Our producer-at-large Father Vince Kuna, C.S.C., a 2016 USC film-school grad, does a regular feature here called BASED ON, looking at literary works adapted into TV or movies.
A Beautiful Day in the Neighborhood, written by Micah Fitzerman-Blue and Noah Harpster, directed by Marielle Heller; based on the Esquire article, “Can You Say…Hero?” written by Tom Junod. (Release date" November 22)
In A Beautiful Day in the Neighborhood, the filmmakers adapt the essence of Mr. Rogers (played by Tom Hanks) and avoid cheap imitation by relying on the source material of an Esquire profile piece written during the twilight of the career and life of Fred Rogers.
Almost every filmmaking discipline in the movie patterns itself off Mr. Rogers and even more so his wildly popular PBS children’s show, Mr. Rogers’ Neighborhood. Esquire writer, Tom Junod, fictionalized as Lloyd Vogel (played by Matthew Rhys), notes that the editing of the show averaged an astoundingly low one cut per minute.
Rogers wanted to avoid the fracturing of storytelling and thus a division of society that he felt plagued the hyper-cutting of editing that marked the 1990s. Recall the hyper-cutting MTV-style of the time period, and you catch his drift. The film, too, moves at an appropriate snails’ pace. I mean that as a compliment for Mr. Rogers and the persons he encounters deserve his (and ours) full attention. There’s no reason to cut away from the characters unless necessary.
The film, oddly enough, employs little non-diegetic music or score in its sound track. What music the viewers hear, presumably, the characters hear. This understated audio device I remember well from watching the show as a child. The music felt less “produced” and more organic to the storytelling of the show. Taken to an extreme, of course, the audio technique leads the viewer to silence.

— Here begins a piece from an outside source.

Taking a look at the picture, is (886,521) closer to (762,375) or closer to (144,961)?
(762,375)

The Esquire article recorded Mr. Rogers’ attempt to “protect childhood and silence” going so far as to encourage viewers to take “10 seconds to think of the people who have helped you become who you are.” The film version expounds the prayer to an entire minute. In the public setting of a coffee shop, Hanks’ Rogers asks Rhys’ journalist to pray for a minute in silence and recall the persons who loved you into being. The brilliance of the scene is that a minute of silent screen time can be extremely awkward. Really the only way for the viewer to mitigate the quirkiness is to go ahead and think of the own persons in their life who wielded positive influence. I thought of my parents, aunts and uncles, coaches, teachers and spiritual mentors.
The most drastic adaptation choice of the filmmakers was to make the story about the Esquire journalist, that he is the one to experience conversion through his interviews with Mr. Rogers. In film school, they teach aspiring writers to always write their protagonist through a character arc, with the one rare exception that the character is Christ-like (or if a Gospel film, Christ, himself) and influences the characters around him or her for the better. The classical example from secular film is Back to the Future’s Marty McFly (Michael J. Fox).

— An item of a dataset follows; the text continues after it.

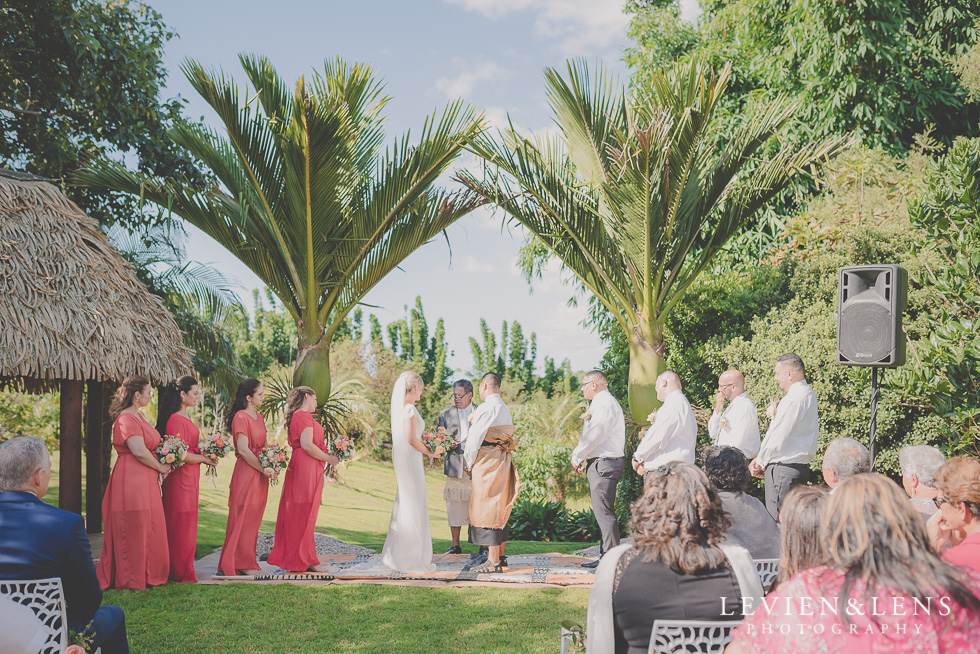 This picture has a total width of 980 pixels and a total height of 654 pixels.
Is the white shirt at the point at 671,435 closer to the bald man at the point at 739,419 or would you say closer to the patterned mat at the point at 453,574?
the bald man at the point at 739,419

The journalist Vogel must make amends with his deadbeat father (played by Chris Cooper). The film version took dramatic liberty in this regard; the real life journalist’s interaction with Rogers only led him to pray as an adult, a practice mostly abandoned from his youth. The film version raises the stakes for the journalist, who finds himself at a crossroads as to whether forgive his father, a notorious sinner largely undeserving of pardon.
The filmmaking techniques and character choices combine to give us the essence of Fred Rogers and spare Tom Hanks from impressionism. We’re gifted with a kind of saint’s write-up, less the details of their life, instead a display of the spiritual nuggets we can draw from their life and witness. For Mr. Rogers, I won’t need to remind the readers of this blog that he preached a little bit of kindness for our neighbor…and that we pray for and ask for our neighbors’ prayers.
For those Mr. Rogers fans that still lament his death and ending of his show, there’s a definite sense I felt I was sitting through one of his shows. The message of all his shows rolled into one, in fact. And I dare say, this film stands as his best show.